Ein Religionsstifter ohne Gesicht ist etwas Unheimliches. Besonders, wenn er beansprucht, trotzdem ein Mensch gewesen zu sein. Die schwarzen Reiter ohne Gesicht in "Herr der Ringe" verbreiten noch mehr Angst und Schrecken als die Orkhs, die das Gesicht von Toten haben.
Aber wir wollen hier nicht über eine Religion philosophie ren, die das "Menschliche, allzu Menschliche" am Menschen - angefangen bei der Tracht der Frauen - ganz im Gegensatz zum Christentum und anderen Religionen verdeckt und verleugnet. Aber auch Diskussion und Palaver, dieses Ur-menschliche am Menschen, scheint im Islam ziemlich unbeliebt zu sein, wenn man bedenkt, daß ein ägyptischer Zeitungsverleger, Ramy Lakah, den Direktor der eigenen Zeitung "France Soir", Jacques Lefranc, wegen einer unliebsamen Publikation kurzerhand entläßt und damit jeder Kontroverse ein Ende setzt. Um so wichtiger ist es, daß die Medien der freien Staaten sich mit der Sache intensiv befassen und mutig widersprechen.
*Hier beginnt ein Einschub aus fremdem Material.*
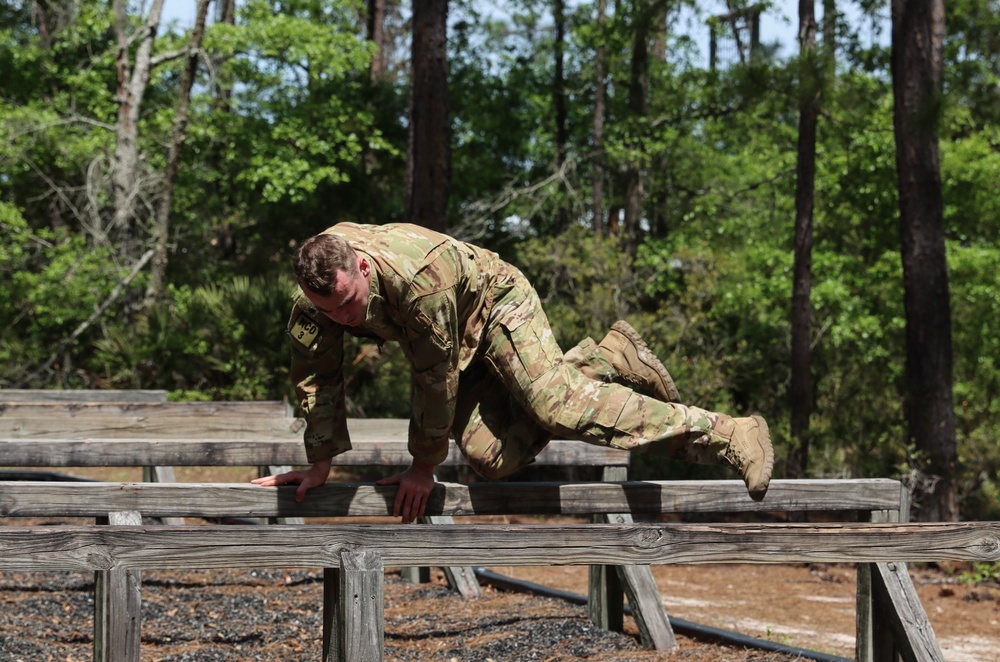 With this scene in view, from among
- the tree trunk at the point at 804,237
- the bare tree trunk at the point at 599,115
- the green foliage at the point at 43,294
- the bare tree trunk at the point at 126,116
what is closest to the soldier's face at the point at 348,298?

Der einzige Politiker, der in Frankreich dieser Tage Klartext sprach, war der Innenminister und Religionsminister Nicolas Sarkozy. Der Stifter des "Französischen Moslemischen Rates" Sarkozy äußerte im Fernsehsender "LCI": "Wenn die Karikatur das vernünftige Maß übertrifft, dann fällt das in die Kompetenz der Gerichtsbarkeit und weder in diejenige der Religionsbehörden noch in die der Regierungen der moslemischen Staaten". Sein politischer Berater in der französischen Mehrheitspartei UMP, dessen Vorsitzender er ist, der ehemalige Erziehungsminister François Fillon, erklärte, daß die "besorgniserregende Entscheidung des Eigentümers von ,France Soir (ihn) sehr schockiert hatte, der Aufstieg dieses islamistischen Fundamentalismus, dieses Radikalismus, dieser Intoleranz sehr gefährlich, sehr schlimm ist."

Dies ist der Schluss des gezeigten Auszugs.